Sorti près de dix ans après le krach boursier qui plongea l'Amérique dans la crise économique de la « Grande Dépression », Les Raisins de la Colère est l'œuvre déchirante de John Ford, monstre sacré du Septième Art. Libre adaptation du roman éponyme de John Steinbeck, Prix Nobel de littérature, le long-métrage s'impose aujourd'hui encore comme un monument dédié aux exilés de tous bords.
L'intrigue nous fait croiser la route de Tom Joad (Henry Fonda), fermier révolté fraichement sorti de geôle pour avoir involontairement tué un homme. Lorsqu'il foule à nouveau les champs qui l'ont vu naître, Tom découvre les siens, contraints de déguerpir au plus vite. Les banques toutes puissantes, appâtées par le gain, s'accaparent leurs biens et décident de raser tous les ranchs du cru en faisant vrombir leurs bulldozers dévastateurs. La région, baptisée « Dust Bowl », est une terre du sud, ravagée par la poussière, la famine et la misère. Et les habitants sont à son image : émaciés, rachitiques, appauvris à en mourir. Sous pression, ils ne se voient proposés qu'une issue de secours ; un seul et unique salut : l'exode vers le Grand Ouest et les contrées luxuriantes de la Californie.
Embarqués à bord d'un truck bringuebalant semblable à l'Arche de Noé, Tom et les siens se lancent tête bêche sur les sentiers escarpés et les longues pistes arides. Le voyage est interminable, éprouvant et semé d'embuches. De campements crasseux en escales chaotiques, d'échauffourées imprévisibles en morceaux de bravoure, le groupe doit faire face à toutes sortes de menaces. Les forces de police n'apprécient guère les vagabonds et elles s'empresseront de leur faire savoir. A mesure que le convoi progresse, de nouveaux venus viennent grossir les rangs de la troupe. Jusqu'à épuisement.
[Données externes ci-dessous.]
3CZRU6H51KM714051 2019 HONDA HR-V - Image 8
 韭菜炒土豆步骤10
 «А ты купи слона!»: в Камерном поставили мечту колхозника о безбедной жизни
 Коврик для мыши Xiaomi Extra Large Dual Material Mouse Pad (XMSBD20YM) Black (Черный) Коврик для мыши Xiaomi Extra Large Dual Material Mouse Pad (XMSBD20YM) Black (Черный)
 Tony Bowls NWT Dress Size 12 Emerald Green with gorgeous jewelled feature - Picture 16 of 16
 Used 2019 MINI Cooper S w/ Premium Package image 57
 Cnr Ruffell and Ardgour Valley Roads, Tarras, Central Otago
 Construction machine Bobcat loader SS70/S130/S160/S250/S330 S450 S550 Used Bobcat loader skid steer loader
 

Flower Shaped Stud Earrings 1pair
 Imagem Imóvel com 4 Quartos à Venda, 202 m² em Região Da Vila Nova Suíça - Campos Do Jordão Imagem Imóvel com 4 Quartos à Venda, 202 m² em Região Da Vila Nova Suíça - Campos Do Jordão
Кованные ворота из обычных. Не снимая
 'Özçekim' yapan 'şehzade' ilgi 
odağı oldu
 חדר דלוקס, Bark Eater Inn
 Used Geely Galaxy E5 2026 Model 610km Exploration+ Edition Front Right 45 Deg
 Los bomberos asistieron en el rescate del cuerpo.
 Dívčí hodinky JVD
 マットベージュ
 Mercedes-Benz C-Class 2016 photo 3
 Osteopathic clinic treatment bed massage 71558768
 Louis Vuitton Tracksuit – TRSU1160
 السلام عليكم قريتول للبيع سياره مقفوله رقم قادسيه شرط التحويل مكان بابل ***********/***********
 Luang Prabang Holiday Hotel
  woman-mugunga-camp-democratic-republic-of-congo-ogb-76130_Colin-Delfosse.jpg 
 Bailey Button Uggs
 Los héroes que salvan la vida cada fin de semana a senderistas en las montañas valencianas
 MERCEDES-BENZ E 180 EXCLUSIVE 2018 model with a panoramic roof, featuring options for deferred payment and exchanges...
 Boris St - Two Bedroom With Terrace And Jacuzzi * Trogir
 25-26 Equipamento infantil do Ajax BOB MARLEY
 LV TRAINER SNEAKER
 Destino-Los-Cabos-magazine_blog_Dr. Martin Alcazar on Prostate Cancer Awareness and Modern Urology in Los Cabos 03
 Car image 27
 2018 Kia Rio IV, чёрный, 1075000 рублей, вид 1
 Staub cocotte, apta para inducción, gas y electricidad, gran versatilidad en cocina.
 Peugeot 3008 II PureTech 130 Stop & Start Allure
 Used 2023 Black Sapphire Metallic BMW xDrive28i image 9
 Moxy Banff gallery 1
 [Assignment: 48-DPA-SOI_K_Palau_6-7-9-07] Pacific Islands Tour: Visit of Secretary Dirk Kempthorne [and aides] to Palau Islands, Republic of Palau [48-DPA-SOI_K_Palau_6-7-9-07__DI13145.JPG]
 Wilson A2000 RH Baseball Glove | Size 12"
Comme transcendé par la prose originelle de Steinbeck (qui avait, à l'époque, décroché le Pulitzer), John Ford, en cinéaste humaniste, glorifie le courage, la pudeur et la dignité de celles et ceux qui ont tout perdu. La trajectoire qu'il déploie sous nos yeux ressemble à s'y méprendre à une odyssée biblique. Une épopée tragique, emplie de larmes et de mort, de douleurs et de sang, mais aussi d'espoirs. Certaines séquences conservent une force de frappe intacte : la scène du bal et sa tension à la limite de l'insoutenable, la rencontre déterminante entre Tom Joad et un pasteur déchu (John Carradine, magnifique) qui influera sur sa destinée tel un guide existentiel brandissant sa lanterne, les adieux du même Tom à sa mère. Les références mystiques sont omniprésentes : le voyage initiatique, les épreuves à surmonter, la perte des êtres chers, la souffrance, le doute et la foi, la Terre Promise (californienne) qui se dessine au loin sur la ligne d'horizon... L'art céleste de John Ford se trouve ici à son apogée : son fabuleux sens du cadre fait de merveilles le long de la mythique Route 66. La puissance dramatique nous tire régulièrement les larmes et la direction d'acteurs impose le respect. Tous les comédiens s'avèrent exceptionnels, à l'image de Henry Fonda. L'homme, lui-même issu des classes populaires, entra dans la légende du cinéma sous les traits acérés de ce Tom Joad, héraut lumineux, christique, exalté et protecteur. Un ange buriné, pur et dur, dont les idéaux de justice et d'équité l'obligeront à vivre comme un damné et à prendre la fuite au premier coup de fusil... Manifeste altruiste d'une profondeur inouïe et d'une finesse insondable, Les Raisins de la Colère est un chef d'œuvre absolu. Un cri du cœur qui, malgré ses soixante-dix ans bien tapés, demeure d'une remuante actualité.